Monday, 3 June 2002: 9:15 AM
Cloud model interpretation of the mechanisms responsible for the satellite-observed enhanced V and other features atop some Midwest severe thunderstorms
Pao K. Wang, Univ. of Wisconsin, Madison, WI; and H. M. Lin, S. Natali, S. Bachmeier, and R. Rabin
Poster PDF (296.5 kB)
Satellite infrared observations have identified several common cloud top features above some severe thunderstorms occurred in the US Midwest. These include the so-called enhanced-V (a cold V-shapes region in the upstream rim of the anvil), cold area (CA), warm-cold couplet, close-in warm area (CWA), and distant warm area (DWA). Some forecasters use these features to identify the severity and the development stage of the storm.

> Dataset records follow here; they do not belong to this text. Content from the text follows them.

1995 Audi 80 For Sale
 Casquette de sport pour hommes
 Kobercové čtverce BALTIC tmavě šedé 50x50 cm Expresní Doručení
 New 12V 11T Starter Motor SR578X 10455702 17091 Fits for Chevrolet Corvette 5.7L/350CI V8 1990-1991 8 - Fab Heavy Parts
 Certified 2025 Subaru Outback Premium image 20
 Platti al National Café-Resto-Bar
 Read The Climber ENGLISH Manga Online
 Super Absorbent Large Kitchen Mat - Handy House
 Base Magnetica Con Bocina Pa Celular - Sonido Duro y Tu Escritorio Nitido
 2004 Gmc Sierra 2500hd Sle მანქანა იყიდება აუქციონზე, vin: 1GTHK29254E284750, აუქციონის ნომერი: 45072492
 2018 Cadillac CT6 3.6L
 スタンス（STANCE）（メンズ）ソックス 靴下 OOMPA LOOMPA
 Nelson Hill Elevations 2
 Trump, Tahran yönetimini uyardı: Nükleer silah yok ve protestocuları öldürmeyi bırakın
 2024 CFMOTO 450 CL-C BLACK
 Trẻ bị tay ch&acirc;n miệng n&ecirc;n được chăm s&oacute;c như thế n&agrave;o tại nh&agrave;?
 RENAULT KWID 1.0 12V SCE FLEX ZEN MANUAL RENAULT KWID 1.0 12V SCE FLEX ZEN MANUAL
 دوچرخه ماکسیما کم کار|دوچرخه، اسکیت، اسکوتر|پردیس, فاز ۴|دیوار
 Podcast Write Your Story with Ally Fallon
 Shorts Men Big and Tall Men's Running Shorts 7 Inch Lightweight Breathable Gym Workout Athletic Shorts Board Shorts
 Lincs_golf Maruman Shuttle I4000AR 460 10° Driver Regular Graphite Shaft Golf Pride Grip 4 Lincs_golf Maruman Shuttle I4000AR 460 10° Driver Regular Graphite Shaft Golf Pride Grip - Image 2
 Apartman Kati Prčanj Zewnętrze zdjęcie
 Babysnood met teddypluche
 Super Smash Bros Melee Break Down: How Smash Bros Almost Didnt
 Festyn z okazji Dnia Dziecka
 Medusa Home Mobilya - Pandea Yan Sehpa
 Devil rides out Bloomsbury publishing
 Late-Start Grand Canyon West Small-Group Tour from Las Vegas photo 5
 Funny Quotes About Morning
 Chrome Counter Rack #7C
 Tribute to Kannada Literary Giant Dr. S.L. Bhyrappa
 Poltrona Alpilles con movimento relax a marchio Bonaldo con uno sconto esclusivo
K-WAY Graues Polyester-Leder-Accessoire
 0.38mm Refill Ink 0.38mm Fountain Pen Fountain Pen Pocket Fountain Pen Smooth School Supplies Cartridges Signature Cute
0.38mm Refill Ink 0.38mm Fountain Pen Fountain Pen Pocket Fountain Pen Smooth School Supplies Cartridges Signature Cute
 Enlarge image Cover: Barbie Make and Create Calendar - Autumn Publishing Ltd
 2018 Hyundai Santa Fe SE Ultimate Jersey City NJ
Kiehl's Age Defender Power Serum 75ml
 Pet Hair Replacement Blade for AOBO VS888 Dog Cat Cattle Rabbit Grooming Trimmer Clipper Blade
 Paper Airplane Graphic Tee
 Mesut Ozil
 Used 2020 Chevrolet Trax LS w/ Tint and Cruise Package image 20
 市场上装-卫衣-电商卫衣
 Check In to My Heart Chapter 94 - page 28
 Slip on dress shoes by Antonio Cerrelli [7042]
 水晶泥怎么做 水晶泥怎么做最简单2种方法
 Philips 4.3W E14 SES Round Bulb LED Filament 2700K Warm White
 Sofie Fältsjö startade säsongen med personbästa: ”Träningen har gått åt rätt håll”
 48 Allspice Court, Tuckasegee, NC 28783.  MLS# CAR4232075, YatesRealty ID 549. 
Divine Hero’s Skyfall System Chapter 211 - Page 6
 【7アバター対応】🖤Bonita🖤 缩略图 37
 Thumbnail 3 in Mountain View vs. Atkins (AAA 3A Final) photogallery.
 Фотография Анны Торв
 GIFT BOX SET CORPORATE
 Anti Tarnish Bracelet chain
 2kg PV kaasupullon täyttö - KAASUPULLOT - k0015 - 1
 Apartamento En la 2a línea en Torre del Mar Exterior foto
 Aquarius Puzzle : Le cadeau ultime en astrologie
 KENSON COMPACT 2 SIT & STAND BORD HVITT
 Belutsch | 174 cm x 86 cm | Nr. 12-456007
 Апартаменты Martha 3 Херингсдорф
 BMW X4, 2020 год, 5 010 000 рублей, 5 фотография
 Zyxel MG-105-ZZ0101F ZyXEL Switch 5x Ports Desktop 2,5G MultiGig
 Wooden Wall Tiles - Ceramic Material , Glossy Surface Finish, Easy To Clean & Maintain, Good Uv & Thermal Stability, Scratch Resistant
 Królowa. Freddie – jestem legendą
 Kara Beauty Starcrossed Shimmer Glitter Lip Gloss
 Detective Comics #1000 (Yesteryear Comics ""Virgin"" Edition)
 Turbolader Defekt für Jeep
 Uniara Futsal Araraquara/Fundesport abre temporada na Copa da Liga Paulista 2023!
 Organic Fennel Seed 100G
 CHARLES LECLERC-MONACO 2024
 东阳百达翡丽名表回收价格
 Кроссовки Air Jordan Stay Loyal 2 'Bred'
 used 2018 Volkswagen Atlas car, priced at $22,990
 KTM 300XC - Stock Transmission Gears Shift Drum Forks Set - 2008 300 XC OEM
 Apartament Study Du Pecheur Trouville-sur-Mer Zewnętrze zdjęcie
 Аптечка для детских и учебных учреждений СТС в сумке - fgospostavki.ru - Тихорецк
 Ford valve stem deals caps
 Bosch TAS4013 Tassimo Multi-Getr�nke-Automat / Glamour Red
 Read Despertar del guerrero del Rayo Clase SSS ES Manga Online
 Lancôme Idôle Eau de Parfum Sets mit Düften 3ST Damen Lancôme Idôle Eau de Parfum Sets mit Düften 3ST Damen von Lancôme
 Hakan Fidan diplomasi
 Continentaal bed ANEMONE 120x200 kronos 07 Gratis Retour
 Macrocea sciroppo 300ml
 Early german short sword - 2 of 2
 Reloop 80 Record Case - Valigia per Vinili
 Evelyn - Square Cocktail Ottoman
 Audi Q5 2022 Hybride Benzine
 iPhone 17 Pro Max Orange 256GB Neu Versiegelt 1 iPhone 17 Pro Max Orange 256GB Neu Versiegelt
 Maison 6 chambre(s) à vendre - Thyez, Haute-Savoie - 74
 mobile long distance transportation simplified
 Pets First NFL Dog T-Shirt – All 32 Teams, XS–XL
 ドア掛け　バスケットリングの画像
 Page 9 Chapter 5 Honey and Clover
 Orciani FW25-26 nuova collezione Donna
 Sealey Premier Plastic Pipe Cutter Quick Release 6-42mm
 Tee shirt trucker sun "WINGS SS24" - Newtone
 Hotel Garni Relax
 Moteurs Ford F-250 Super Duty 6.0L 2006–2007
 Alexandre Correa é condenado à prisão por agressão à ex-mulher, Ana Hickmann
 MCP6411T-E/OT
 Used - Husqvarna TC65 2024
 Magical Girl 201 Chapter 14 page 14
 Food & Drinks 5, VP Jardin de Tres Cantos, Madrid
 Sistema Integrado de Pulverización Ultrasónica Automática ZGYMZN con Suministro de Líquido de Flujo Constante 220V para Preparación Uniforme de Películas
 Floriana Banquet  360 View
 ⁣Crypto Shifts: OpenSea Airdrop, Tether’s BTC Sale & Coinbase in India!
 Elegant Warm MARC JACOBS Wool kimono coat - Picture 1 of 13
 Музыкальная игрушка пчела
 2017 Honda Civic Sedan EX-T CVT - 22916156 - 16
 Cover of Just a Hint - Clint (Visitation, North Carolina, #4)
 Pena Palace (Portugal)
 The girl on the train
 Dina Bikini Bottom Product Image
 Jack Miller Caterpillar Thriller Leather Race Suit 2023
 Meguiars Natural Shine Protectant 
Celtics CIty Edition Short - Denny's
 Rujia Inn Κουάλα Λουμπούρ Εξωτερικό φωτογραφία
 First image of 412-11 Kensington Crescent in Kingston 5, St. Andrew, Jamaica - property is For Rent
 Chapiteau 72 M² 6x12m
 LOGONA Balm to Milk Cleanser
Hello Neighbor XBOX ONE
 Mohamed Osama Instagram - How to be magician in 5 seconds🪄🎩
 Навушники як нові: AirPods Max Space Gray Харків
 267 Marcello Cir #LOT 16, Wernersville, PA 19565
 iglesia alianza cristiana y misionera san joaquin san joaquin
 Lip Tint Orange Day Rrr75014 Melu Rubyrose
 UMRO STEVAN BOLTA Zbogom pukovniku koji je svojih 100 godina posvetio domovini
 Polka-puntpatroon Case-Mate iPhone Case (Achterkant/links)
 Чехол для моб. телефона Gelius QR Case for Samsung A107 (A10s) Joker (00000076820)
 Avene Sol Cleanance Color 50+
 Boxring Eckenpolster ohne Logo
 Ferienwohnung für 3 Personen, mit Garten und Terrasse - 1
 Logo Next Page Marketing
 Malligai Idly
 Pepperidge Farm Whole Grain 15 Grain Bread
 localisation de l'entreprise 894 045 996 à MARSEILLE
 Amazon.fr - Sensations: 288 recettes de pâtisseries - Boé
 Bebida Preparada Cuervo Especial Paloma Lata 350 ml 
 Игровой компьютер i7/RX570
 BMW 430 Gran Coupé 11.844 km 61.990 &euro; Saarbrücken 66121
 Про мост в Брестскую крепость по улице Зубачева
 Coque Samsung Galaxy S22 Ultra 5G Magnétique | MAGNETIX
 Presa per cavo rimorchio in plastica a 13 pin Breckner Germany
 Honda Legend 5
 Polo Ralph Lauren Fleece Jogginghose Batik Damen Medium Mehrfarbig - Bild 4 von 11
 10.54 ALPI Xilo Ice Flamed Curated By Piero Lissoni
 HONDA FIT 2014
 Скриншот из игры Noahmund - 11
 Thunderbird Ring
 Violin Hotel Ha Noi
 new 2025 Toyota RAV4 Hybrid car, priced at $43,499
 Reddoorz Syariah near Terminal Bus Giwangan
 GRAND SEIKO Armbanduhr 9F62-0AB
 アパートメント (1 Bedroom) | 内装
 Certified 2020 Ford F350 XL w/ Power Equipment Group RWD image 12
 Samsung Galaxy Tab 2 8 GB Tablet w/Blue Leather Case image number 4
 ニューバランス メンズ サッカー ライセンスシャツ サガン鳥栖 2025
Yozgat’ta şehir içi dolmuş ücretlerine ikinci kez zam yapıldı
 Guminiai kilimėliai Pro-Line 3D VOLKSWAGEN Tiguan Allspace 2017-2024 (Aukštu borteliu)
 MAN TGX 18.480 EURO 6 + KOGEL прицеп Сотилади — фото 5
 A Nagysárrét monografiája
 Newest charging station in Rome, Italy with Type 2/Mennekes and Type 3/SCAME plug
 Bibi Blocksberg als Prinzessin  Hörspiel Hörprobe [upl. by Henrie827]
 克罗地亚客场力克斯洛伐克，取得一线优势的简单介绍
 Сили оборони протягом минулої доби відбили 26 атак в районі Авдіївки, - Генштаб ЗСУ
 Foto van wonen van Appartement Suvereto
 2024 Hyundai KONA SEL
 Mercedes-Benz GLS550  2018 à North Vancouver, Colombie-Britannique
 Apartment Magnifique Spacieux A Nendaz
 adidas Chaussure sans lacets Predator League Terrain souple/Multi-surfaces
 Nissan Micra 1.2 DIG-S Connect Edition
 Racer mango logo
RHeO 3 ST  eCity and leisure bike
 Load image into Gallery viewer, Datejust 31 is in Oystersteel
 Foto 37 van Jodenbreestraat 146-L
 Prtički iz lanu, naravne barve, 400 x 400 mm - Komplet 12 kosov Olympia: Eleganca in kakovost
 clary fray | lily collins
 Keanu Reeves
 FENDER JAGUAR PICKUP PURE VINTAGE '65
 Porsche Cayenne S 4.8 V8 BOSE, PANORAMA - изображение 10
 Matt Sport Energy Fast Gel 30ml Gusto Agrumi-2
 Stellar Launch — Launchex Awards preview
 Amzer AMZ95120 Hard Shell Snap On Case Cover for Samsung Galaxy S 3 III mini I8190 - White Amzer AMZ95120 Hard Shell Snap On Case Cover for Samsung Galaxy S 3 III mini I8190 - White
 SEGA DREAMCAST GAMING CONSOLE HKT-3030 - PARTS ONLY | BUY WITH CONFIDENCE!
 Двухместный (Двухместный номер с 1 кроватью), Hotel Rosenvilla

While these features have been known for some time, the responsible mechanisms for them have not been adequately understood due to the complexity of the thunderstorm cloud top processes.

In the present paper we will report an investigation of the physical mechanisms responsible for the production of these features. We performed numerical simulations of several Midwest severe thunderstorms using a deep convective storm model WISCDYMM developed by us and performed detailed analyses of both physical and dynamical processes occurred at the cloud top level. The model produced simulated storms that closely resemble the observed storms, and the cloud top temperature fields of the simulated storms contain all the satellite-observed features as indicated in the first paragraph. Analyses show that the observed cloud top features are mainly the results of dynamical processes but cloud microphysical processes may influence the magnitudes.